ResNet50¶

Overview¶

In this tutorial you will deploy a precompiled ResNet50 model on Ray Serve with RBLN NPUs.

The workflow covers:

Verifying the environment and compiled model.
Defining a Ray Serve deployment that targets RBLN hardware.
Launching the application with the Serve CLI.
Sending an inference request to validate the endpoint.
Extending the deployment with batching and bucketing.

If you need help configuring Ray Serve itself, review the Ray Serve overview first. For a complete script-based example (from compilation to deployment), see the model zoo reference.

Setup & Installation¶

Before you begin, ensure that your system environment is properly configured and that all required packages are installed. This includes:

System Requirements:
- Ubuntu 20.04 LTS (Debian bullseye) or higher
- System with RBLN NPUs equipped (e.g., RBLN ATOM™)
Packages Requirements:
- RBLN SDK (driver, compiler) (Driver ≥ 2.0.1, rebel-compiler ≥ 0.9.4)
- Ray Serve

Installation Command:

pip install -U ray[serve] requests torch --extra-index-url https://download.pytorch.org/whl/cpu

Note

The following sections assume you already understand how to compile and execute models with the RBLN SDK. Revisit the PyTorch or TensorFlow tutorials and the Python API guide if you need a refresher.

Prerequisites¶

Prepare the Compiled Model¶

Note

Prepare the compiled model artifact ahead of time (for example, resnet50.rbln generated in the PyTorch ResNet50 tutorial). The steps below focus on serving that prebuilt binary with Ray Serve.

Deployment Flow¶

Deployment Overview¶

Step	Description
1. Deployment implementation	Configure Ray to use RBLN NPUs and define the Ray Serve deployment that loads the compiled model, initializes the runtime, and exposes an endpoint.
2. Execution	Launch the deployment with Ray Serve CLI(`serve run`), optionally configuring application names, device sets, or remote Ray clusters.
3. Inference request	Send an HTTP request to the Serve endpoint and inspect the response to validate the deployment.

The sections below walk through these steps in order.

1.1 Resource Allocation¶

Ray exposes custom accelerators through the resources argument, so each task or deployment can request exactly the hardware it needs.
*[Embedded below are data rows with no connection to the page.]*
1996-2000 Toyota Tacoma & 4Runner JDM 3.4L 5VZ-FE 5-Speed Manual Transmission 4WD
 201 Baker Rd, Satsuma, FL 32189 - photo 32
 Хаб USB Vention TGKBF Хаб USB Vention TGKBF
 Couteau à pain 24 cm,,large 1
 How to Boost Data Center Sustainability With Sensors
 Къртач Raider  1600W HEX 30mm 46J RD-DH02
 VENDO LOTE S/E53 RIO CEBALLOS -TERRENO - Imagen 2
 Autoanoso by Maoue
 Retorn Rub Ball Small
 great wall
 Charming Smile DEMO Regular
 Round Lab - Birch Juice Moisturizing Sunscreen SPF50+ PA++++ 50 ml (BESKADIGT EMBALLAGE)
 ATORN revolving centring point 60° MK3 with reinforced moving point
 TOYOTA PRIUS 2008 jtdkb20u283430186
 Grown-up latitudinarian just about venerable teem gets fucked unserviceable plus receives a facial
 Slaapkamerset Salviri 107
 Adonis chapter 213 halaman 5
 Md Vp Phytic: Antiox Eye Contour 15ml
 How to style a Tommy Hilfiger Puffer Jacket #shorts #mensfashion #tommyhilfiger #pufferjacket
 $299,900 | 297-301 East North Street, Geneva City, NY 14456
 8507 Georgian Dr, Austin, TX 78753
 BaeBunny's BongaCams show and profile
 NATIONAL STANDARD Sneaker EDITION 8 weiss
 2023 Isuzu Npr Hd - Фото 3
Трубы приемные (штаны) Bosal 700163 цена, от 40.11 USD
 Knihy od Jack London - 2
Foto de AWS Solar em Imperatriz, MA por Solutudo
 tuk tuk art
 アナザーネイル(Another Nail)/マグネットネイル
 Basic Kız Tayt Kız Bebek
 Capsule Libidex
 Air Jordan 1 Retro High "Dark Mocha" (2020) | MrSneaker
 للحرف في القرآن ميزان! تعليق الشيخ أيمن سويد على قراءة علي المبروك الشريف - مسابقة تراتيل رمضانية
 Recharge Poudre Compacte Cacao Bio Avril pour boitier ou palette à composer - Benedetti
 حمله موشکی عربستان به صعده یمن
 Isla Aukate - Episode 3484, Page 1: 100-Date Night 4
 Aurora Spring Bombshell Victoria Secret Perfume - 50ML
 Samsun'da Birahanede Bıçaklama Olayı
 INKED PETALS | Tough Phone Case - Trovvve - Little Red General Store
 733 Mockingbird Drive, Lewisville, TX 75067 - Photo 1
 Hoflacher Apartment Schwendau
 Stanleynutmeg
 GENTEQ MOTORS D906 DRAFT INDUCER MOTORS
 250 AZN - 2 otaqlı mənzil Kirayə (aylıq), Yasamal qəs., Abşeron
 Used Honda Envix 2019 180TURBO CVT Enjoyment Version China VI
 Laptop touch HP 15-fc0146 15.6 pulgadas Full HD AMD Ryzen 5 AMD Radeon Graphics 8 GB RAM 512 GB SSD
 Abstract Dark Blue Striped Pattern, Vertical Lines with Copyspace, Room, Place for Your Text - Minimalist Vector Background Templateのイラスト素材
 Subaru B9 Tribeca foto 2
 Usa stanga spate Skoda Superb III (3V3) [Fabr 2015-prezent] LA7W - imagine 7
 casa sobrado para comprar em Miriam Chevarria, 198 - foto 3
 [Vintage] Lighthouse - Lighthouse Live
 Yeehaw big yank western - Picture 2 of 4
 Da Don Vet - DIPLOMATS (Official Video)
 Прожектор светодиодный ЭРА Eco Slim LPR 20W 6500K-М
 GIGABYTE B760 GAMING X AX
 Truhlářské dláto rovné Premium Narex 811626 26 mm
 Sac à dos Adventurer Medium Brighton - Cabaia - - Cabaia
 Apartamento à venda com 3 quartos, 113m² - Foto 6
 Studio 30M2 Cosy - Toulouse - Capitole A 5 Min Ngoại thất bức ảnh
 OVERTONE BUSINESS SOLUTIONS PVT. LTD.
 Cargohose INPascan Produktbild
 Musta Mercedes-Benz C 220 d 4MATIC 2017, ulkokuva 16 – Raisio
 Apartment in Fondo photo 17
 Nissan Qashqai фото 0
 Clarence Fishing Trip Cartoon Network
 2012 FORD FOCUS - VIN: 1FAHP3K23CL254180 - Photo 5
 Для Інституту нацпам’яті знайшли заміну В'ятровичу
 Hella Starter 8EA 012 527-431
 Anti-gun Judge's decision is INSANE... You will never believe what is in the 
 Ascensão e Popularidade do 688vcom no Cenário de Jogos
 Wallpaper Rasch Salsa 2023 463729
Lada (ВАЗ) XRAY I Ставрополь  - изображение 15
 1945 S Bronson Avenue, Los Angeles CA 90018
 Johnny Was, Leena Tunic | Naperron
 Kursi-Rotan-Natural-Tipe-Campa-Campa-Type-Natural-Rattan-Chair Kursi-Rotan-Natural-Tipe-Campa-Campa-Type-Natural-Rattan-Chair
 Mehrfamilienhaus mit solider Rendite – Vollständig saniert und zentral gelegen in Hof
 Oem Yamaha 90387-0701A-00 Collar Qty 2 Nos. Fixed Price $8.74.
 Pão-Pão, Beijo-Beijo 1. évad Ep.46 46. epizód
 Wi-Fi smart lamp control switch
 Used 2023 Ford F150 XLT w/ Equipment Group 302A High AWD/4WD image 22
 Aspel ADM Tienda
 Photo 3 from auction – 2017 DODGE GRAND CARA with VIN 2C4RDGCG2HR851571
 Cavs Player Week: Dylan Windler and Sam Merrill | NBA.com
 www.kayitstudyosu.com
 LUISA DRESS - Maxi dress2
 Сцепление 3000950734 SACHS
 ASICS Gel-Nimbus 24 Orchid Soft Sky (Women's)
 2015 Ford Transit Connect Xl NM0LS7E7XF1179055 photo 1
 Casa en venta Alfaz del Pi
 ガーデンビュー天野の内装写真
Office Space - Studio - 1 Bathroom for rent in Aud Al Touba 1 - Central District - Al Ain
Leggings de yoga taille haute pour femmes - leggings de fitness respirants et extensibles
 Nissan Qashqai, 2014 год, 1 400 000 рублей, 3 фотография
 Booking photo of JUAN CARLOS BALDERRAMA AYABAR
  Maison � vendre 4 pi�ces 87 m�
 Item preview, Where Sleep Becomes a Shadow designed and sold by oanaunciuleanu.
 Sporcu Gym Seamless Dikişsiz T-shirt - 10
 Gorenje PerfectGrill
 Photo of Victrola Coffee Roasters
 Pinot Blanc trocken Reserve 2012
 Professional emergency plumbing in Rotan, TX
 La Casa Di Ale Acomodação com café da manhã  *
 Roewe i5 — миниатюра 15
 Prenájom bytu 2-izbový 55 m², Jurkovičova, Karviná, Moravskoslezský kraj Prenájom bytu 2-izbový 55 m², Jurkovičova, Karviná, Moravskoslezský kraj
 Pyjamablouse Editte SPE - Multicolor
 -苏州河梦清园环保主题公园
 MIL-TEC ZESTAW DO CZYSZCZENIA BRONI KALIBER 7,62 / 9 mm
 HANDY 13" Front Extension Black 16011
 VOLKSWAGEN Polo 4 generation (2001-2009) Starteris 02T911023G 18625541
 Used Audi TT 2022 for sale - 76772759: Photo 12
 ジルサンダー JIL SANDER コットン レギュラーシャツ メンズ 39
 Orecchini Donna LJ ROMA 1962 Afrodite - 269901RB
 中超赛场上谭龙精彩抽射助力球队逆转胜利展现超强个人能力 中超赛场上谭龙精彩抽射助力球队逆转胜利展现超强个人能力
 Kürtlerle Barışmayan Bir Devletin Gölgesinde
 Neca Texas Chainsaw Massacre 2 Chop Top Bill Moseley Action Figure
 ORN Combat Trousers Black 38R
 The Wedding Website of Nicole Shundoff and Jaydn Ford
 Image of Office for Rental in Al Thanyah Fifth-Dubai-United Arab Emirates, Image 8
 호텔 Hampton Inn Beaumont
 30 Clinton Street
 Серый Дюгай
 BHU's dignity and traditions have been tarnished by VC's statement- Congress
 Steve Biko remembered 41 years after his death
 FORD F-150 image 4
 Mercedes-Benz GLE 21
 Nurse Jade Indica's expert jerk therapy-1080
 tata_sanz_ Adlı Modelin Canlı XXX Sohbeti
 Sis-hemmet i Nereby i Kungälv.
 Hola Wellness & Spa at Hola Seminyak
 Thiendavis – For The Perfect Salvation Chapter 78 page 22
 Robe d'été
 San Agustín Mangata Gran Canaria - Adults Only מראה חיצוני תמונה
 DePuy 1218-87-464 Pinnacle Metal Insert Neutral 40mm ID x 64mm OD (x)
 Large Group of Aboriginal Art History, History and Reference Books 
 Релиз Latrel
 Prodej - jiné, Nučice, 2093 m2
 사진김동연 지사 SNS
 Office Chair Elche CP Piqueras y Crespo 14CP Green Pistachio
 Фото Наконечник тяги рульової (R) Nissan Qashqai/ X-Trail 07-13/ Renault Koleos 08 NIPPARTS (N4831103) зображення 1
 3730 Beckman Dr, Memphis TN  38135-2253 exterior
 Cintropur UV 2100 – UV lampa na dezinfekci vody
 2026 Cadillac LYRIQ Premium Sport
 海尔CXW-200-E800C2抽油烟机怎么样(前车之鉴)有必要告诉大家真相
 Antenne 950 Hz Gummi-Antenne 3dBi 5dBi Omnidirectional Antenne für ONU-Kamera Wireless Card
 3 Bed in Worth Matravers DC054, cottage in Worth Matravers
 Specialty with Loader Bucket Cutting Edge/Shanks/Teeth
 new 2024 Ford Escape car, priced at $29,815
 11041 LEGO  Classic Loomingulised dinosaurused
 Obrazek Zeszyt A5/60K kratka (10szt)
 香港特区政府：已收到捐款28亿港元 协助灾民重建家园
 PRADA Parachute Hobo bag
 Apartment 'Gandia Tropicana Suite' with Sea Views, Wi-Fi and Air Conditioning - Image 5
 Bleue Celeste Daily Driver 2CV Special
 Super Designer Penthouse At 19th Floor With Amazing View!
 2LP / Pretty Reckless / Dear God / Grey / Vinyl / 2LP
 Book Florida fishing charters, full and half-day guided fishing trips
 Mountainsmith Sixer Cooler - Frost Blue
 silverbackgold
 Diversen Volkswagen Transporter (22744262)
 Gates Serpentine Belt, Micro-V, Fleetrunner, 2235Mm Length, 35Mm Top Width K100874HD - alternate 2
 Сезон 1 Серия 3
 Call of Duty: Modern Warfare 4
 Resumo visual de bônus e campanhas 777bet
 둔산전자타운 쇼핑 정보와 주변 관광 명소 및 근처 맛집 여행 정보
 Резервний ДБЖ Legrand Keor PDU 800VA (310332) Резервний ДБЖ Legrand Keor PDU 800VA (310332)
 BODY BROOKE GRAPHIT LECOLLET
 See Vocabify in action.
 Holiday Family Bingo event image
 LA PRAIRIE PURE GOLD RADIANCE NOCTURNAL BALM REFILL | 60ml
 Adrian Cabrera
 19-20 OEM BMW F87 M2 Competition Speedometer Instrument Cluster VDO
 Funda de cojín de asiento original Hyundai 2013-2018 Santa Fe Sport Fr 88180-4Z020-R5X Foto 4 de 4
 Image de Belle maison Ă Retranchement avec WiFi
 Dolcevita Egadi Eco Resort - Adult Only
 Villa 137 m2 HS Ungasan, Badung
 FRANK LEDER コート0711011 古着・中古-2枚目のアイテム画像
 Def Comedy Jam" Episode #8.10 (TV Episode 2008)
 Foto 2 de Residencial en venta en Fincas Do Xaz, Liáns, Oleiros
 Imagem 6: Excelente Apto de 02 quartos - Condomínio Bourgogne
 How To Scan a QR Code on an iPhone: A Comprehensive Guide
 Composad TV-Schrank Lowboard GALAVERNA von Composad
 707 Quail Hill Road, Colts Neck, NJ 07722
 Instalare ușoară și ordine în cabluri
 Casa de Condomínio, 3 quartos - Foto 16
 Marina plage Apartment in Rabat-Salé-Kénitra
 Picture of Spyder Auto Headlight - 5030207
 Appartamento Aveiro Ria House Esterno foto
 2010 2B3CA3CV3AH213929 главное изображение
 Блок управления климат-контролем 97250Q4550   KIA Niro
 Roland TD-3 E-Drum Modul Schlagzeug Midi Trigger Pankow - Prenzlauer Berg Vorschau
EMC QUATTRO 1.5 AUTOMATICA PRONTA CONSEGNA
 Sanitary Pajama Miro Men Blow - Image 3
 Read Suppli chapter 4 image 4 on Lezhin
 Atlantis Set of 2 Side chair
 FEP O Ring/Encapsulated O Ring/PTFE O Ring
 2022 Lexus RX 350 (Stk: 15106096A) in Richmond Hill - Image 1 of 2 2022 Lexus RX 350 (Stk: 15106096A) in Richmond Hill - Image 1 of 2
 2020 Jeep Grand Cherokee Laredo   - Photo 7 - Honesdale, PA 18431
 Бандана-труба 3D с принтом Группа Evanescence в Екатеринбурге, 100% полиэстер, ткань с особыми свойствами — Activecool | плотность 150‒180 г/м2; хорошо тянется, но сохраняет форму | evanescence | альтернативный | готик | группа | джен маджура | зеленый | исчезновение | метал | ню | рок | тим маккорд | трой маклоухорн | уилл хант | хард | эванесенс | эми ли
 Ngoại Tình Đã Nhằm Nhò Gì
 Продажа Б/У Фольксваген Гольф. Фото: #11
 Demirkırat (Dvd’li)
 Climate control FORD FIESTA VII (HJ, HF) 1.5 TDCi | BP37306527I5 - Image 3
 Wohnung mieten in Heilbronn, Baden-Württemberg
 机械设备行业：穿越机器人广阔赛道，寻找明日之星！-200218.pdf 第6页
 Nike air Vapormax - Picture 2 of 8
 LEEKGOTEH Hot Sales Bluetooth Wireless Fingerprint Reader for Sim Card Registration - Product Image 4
The Actor below shows how to request an RBLN resource with @ray.remote(resources={"RBLN": 1}); increase the value whenever your deployment needs more cards. The companion RBLNActor helper retrieves the assigned device ID and passes it to the Serve deployment. See RBLN NPUs with Ray for additional background.

@ray.remote(resources={"RBLN": 1})
class RBLNActor:
    def getDeviceId(self):
        return ray.get_runtime_context().get_accelerator_ids()["RBLN"]

1.2 Deployment Definition¶

Ray Serve deployments are defined by annotating a class or function with @serve.deployment. This decorator registers the class as a Ray Serve service endpoint, allowing Ray Serve to manage the lifecycle (deployment, scaling, updates).

resnet50.py
# File name: resnet50.py
import io
import json
import os

import ray
import rebel
import torch
from PIL import Image
from ray import serve
from starlette.requests import Request
from torchvision.models import ResNet50_Weights

ray.init(resources={"RBLN": 1})


@ray.remote(resources={"RBLN": 1})
class RBLNActor:
    def getDeviceId(self):
        return ray.get_runtime_context().get_accelerator_ids()["RBLN"]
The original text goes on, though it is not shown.